Data below Start Marker

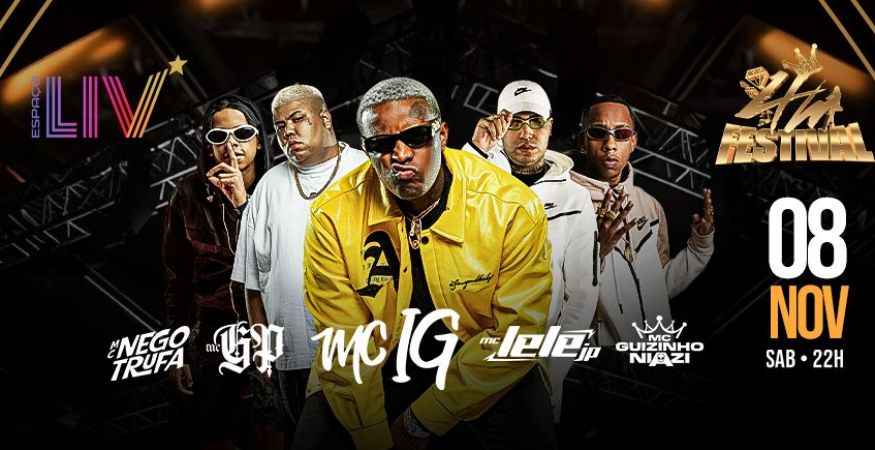 4M Festival - Mc IG, Mc GP, Mc Lele JP, Nego Trufa, Guizinho Niazi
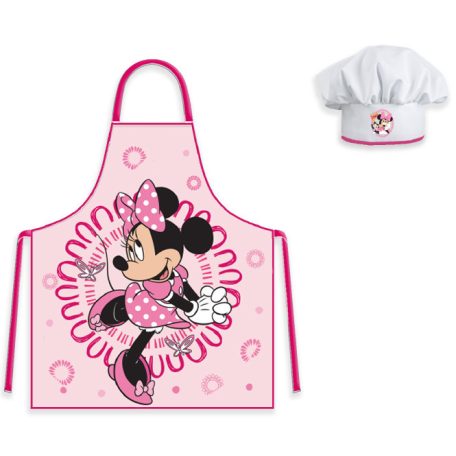 Disney Minnie Butterfly gyerek kötény 2 darabos szett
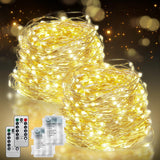 LumBliss Fairy Lights – Safe Nursery Night Light, Cool Touch Battery Operated LED String Lights for Kids Bedroom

Data below End Marker

**Goal of the exercise**
Pictures aside, repeat every line of the data above exactly.

**Output of the exercise**
 4M Festival - Mc IG, Mc GP, Mc Lele JP, Nego Trufa, Guizinho Niazi
 Disney Minnie Butterfly gyerek kötény 2 darabos szett
 LumBliss Fairy Lights – Safe Nursery Night Light, Cool Touch Battery Operated LED String Lights for Kids Bedroom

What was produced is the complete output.